= Hesperia (poem) =

Hesperia: A Poem is a lengthy verse volume by Richard Henry Wilde (1789–1847), an Irish-American lawyer, and first edited and published by his son in 1867. The title work is described as "a nationalistic poem in four cantos", named as "Florida", "Virginia", "Acadia", and "Louisiana"; and as "one of the few full-length poems by early southern writers".

==Content==
The Oxford Companion to American Literature, fourth edition, described Hesperia as "a long poem in Tom Moore's vein." The Encyclopedia of American Poetry: The Nineteenth Century calls it "part epic, part Byronesque narrative in the manner of Childe Harold, part autobiography and part philosophic essay." It is written in ottava rima.

==Dedication==
Hesperia is dedicated to a fictitious "Marchesa Manfredina di Cosenza". Tucker points out that the name derives from Manfredi di Cosenza, mentioned in the Purgatorio of Dante. In the Dedication, the title Hesperia is explained, as to an Italian: from the Greek, it implies the westward land (from the literal evening star), and so Italy. But also it is to apply to America, further to the west.
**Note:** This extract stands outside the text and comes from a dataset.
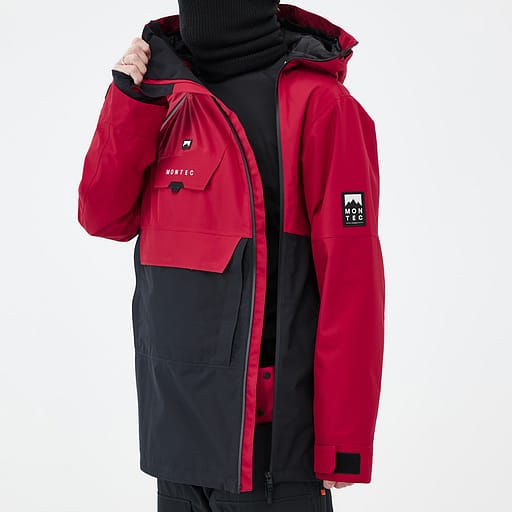 Asymmetrical Front Zipper With Inner Placket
Tucker accepts the identification of the dedicatee made by Aubrey H. Starke, as Ellen Adair White (Mrs. White Beatty). She was Eleanor Katherine Adair, a daughter of John Adair, who married Joseph M. White, and after his 1839 death as a result of a duel, Theophilus Beatty.
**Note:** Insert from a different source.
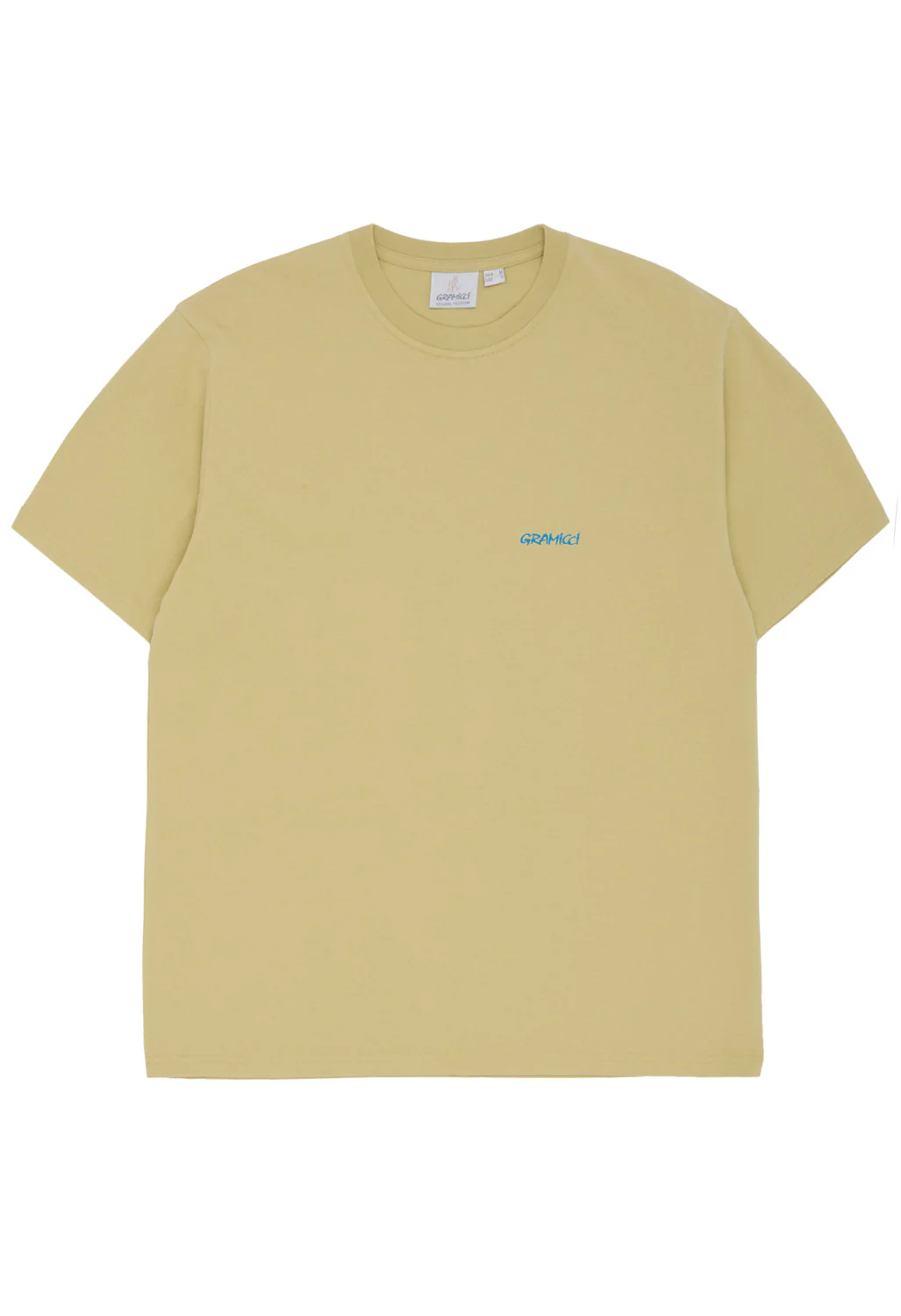 Gramicci Ice Sculpture Tee - Lime - Image 2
Another suggestion, made by Wright, is that the Marchesa, addressed as "Mary", stands for Maria Robbins (1806–1869), English wife of the Italian Marchese Lorenzo Bartolommei of Florence. She was widowed in 1836, the year in which Wilde settled for about four years in Florence, and they were rumoured to be intending to marry, though nothing came of it. She was the sister of the Rev. George Robbins.

Arguing that Ellen Adair White is referred to in the fourth canto of Hesperia, by means of the name of her parental home, and that Wilde was in love with her as a married woman, Graber then finds a crux. "Why Wilde did not marry Mrs. White-Beatty after the death of her first husband is still a mystery."

==Pseudonym and notes==
All the indications are that Wilde was chary of publishing literary work under his own name, considering that a reputation as an author could damage his reputation as a lawyer. His intention was that Hesperia should be published under the pseudonym "FitzHugh de Lancy". The book publication, 20 years after his death, subverted the pseudonym by the device of a doubled title page, one page showing his real name.

The manuscript of the poem also allowed for a threefold system of notes. They comprised: ordinary expository and citation-based notes by "de Lancy"; first-person notes by "de Lancy" addressed to the "Marchesa"; and notes by a putative editor, supposedly after the death of "de Lancy" and the passing to "M." of the manuscript.